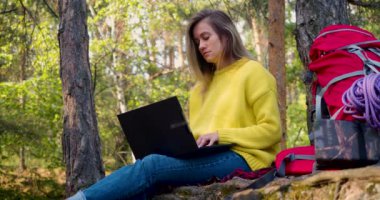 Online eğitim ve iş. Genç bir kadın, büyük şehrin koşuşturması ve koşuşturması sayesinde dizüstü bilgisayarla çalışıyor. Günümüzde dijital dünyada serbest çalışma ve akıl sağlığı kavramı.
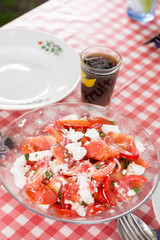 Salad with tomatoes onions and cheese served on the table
--
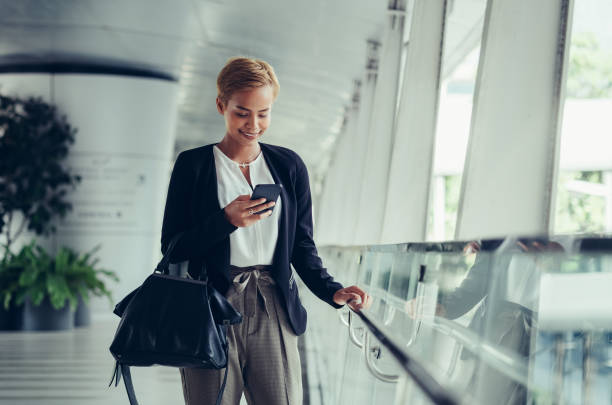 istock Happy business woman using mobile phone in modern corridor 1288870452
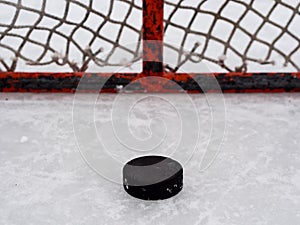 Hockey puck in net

**EXERCISE AIM**
In the listing above, find the line with "istock Happy business" and the line with "Hockey puck in net". Set down both and every line between them, minus the pictures.

**THE COMPLETED TASK**
 istock Happy business woman using mobile phone in modern corridor 1288870452
 Hockey puck in net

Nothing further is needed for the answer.